“L’Italia ha cessato di esistere come entità geopolitica”. Commenta così Gianandrea Gaiani, esperto di politica estera e direttore di Analisi difesa, la visita del ministro degli Esteri Di Maio a Tripoli allo scopo di rilanciare la presenza economica e commerciale italiana in Libia. “Di Maio è già stato più volte in Libia e Tunisia ma senza incassare risultati concreti sul fronte dei flussi migratori e rispetto al dilagante dominio turco a Tripoli e Misurata” spiega Gaiani al Sussidiario.



Basti pensare che Malta, continua Gaiani, il 5 agosto, nell’indifferenza generale ha fatto un accordo sul contrasto all’immigrazione illegale con Libia e Turchia, da cui si intuisce che La Valletta riconosce la Turchia come la potenza di riferimento in Libia. L’ombra turca si estende ormai al di là del Mediterraneo orientale e l’Italia si trova a essere del tutto subalterna alla Turchia nella questione libica.



Che cosa sta succedendo?

Premesso che a giudicare dal dibattito politico pare che per la maggioranza contino solo gli equilibri necessari a tenere in piedi un governo traballante, l’Italia ha cessato di esistere come entità geopolitica, abbiamo rinunciato a tutelare gli interessi nazionali.

La missione di Di Maio a Tripoli?

Gli impegni presi, in sé positivi anche per i risvolti economici, restano per ora sulla carta, perché la Libia non è ancora stabilizzata e il processo per stabilizzarla non dipende da Roma ma, se ci riusciranno, dai veri big player: Russia, Turchia, Emirati, Egitto, che hanno giocato un ruolo anche militare nella crisi della nostra ex colonia. Noi possiamo rinnovare o rilanciare vecchi accordi economici e commerciali con Tripoli, ma dobbiamo ricordarci che gli indirizzi del governo di Tripoli li decidono ad Ankara e a Doha. L’Italia è in seconda linea, con una capacità di influenza assai limitata.



Un nuovo attore del Mediterraneo, la Turchia, sta ufficializzando la sua posizione egemonica sulla Libia.

In Tripolitania c’erano due attori principali: l’Italia e la Turchia. L’Italia negli ultimi 9 mesi ha smesso di giocare quella partita, mentre i turchi sono tornati in forze nel loro vecchio possedimento: in pochi mesi hanno liberato Tripoli dall’assedio di Haftar fornendo truppe, mezzi, armi e oltre 15mila mercenari siriani e adesso giocano da una posizione di forza, specie dopo aver firmato col Qatar e il governo di Tripoli l’accordo per l’uso di due basi militari in Libia per 99 anni.

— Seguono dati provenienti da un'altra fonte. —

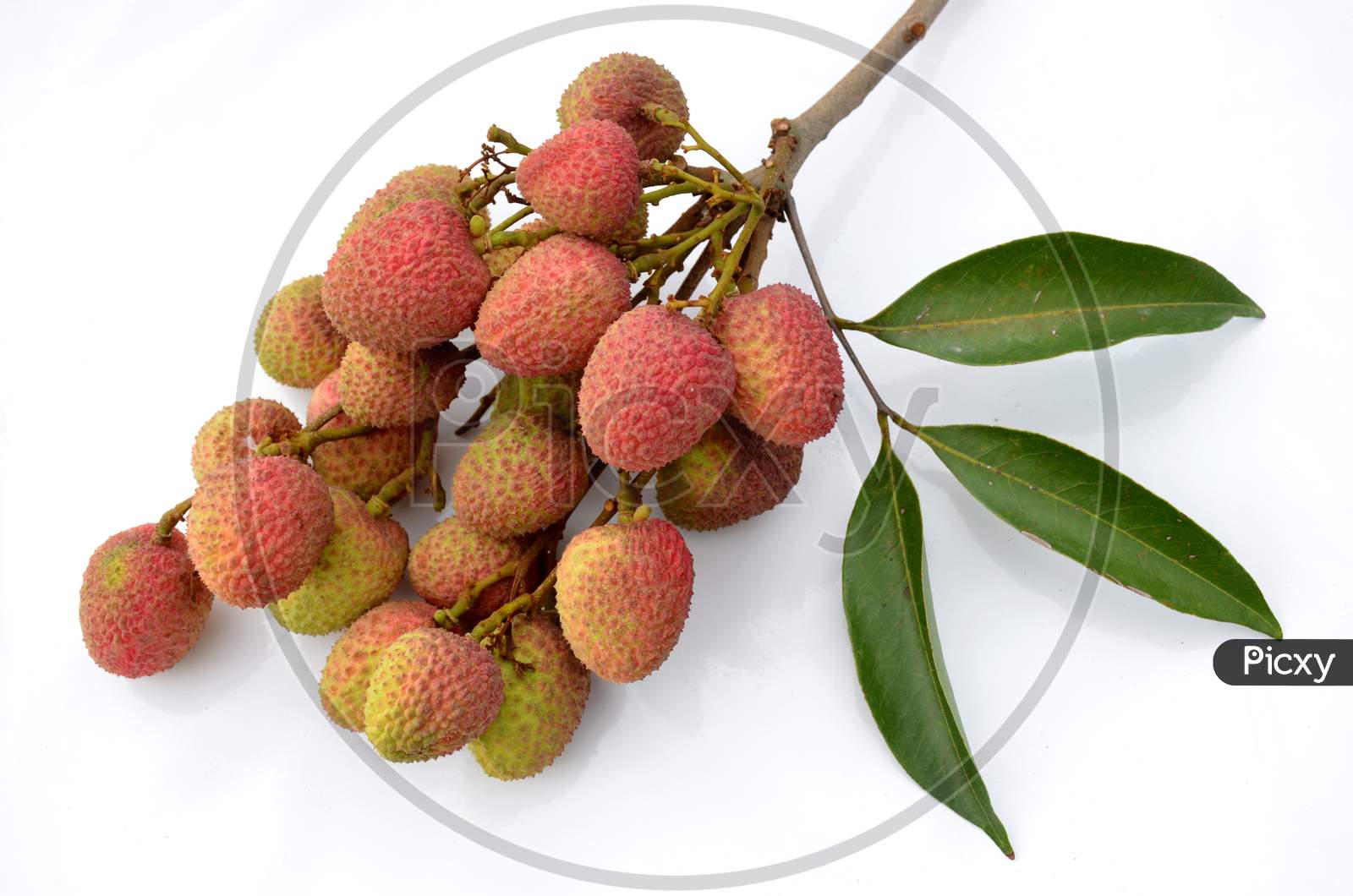 bunch of the red ripe lychee with leaves isolated on white background.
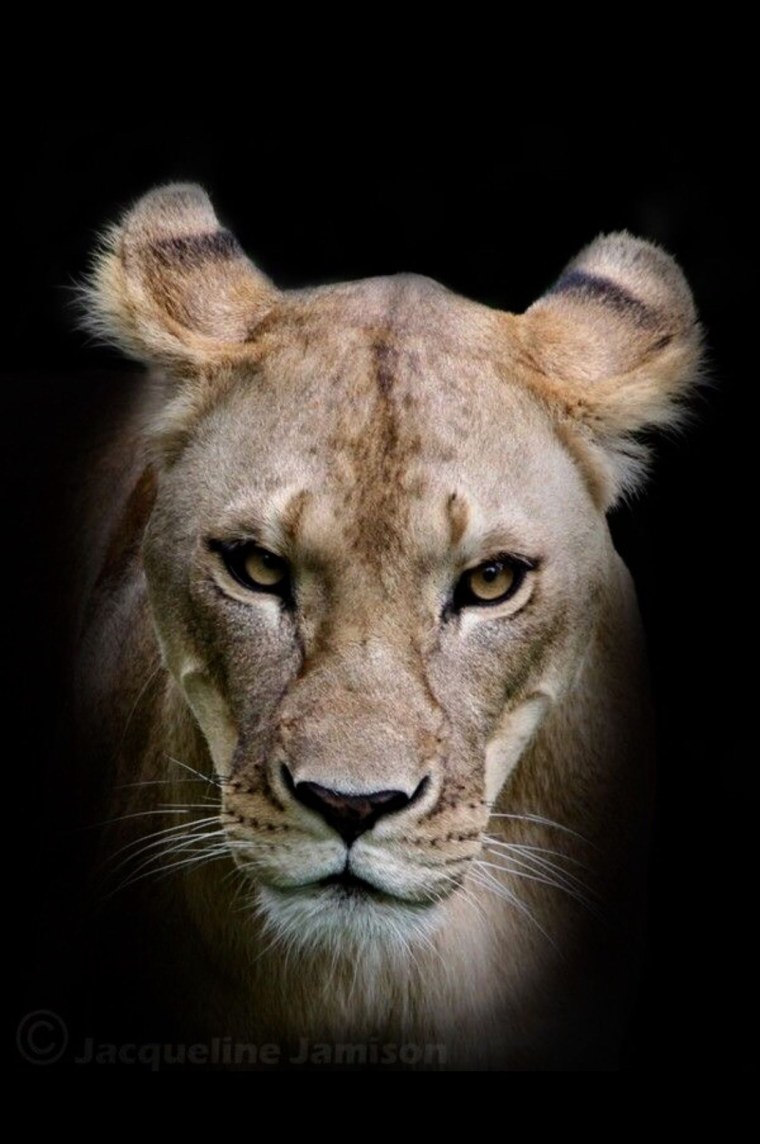 Красивый Лев на заставку телефона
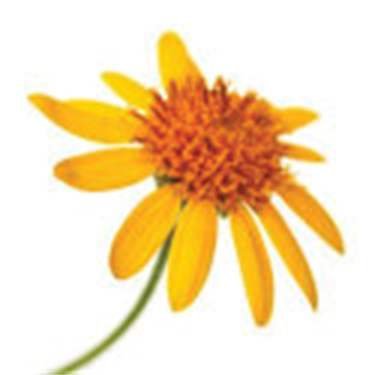 Sanchia Brandreth LHCEA CMA مسجل هوموباث - Sanchia Brandreth LHCEA CMA Registered Homeopath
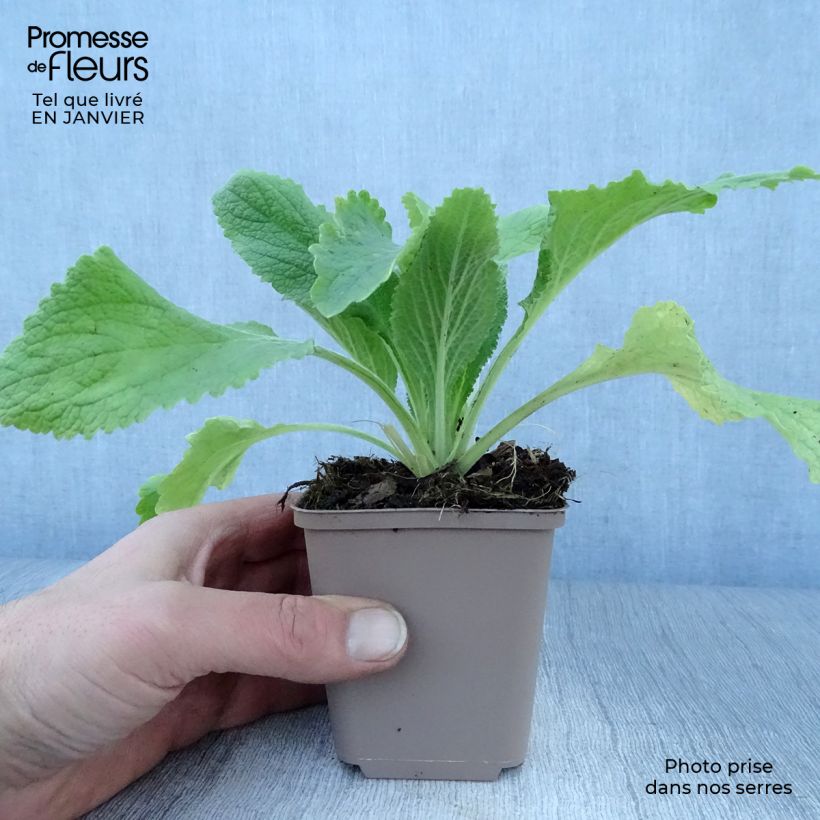 Example of Digitale - Digitalis purpurea Monstrosa  Kweekpotje van 8/9 cm as you get in hiver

Poi ci sono le tensioni nel Mediterraneo orientale. L’Italia come si colloca? 

Ci sono paesi che hanno assunto posizioni in favore di Grecia e Cipro, come la Francia, che lo ha fatto impegnando navi, aerei e ora la portaerei De Gaulle. Poi c’è l’Italia che dice di essere per il dialogo tra le parti, che però potrà avvenire solo dopo la ricerca da parte dei contendenti di posizioni di forza anche con l’uso degli strumenti militari. Strumenti a cui l’Italia, che pure ha le forze militari più moderne e potenti del Mediterraneo, ha da tempo cessato di fare ricorso, anche a scopo deterrente, col risultato che Roma è sempre marginale, in posizione di debolezza anche a due passi dalle acque di casa.

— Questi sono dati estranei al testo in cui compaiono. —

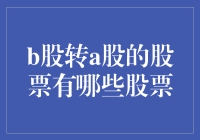 从B股难民到A股贵族：一场股票界的变形记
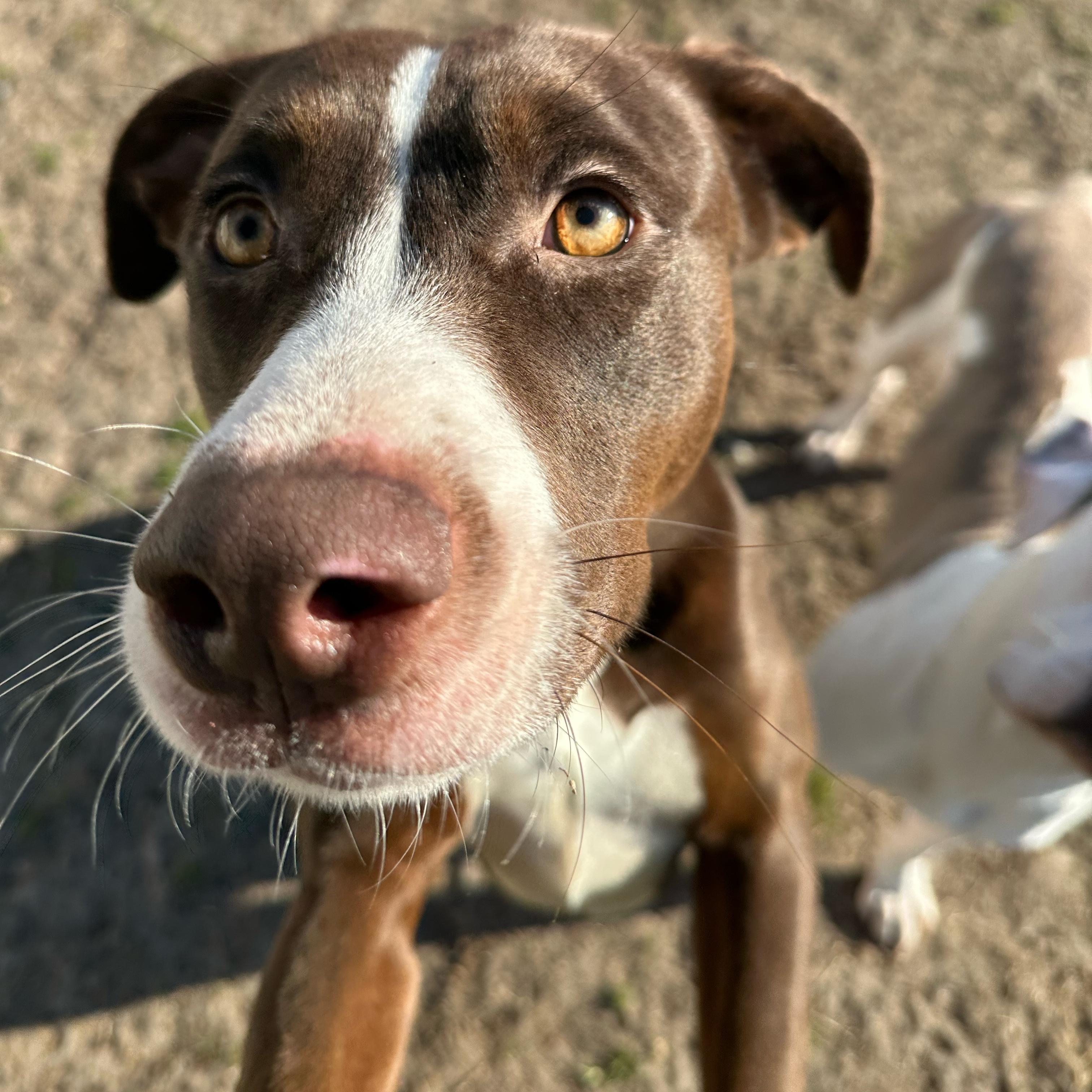 Champion, an adoptable mixed breed in Valdosta, GA image 5/6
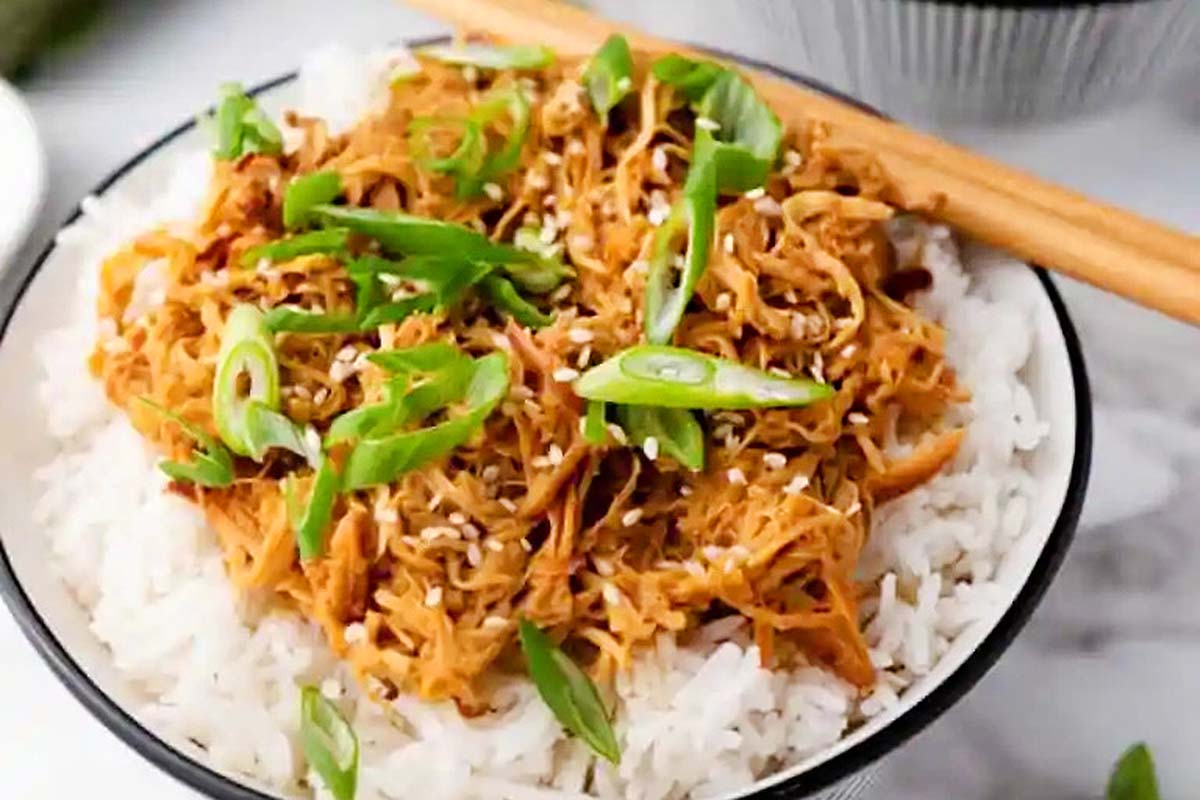 Slow Cooker Honey Garlic Chicken.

Quando Erdogan dice “Cipro e la Grecia facciano bene i loro conti, perché se si mettono contro di noi la pagheranno cara”?

Sta facendo una minaccia a cui si risponde con affermazioni altrettanto nette e mettendo in campo uno strumento militare credibile. Se noi ci limitiamo di fare un’esercitazione da una parte e mandare una nave dall’altra, allora la linea italiana sarà senza efficacia, resteremo neutrali ma verremo considerati da tutti irrilevanti e incapaci di assumere una posizione definita.

La Francia si sta comportando in modo diverso, non aggressivo ma fermo.

La Francia ha mandato due navi da guerra e due aerei da combattimento al fianco dei greci (e ora invieranno di nuovo la portaerei De Gaulle), così come gli Emirati Arabi, che hanno mandato quattro caccia F-16 a Creta, sempre in supporto alla Grecia. Queste mosse equivalgono a dire: “i turchi non pensino di potersi prendere il Mediterraneo orientale”.

Come dobbiamo comportarci con i turchi in Libia?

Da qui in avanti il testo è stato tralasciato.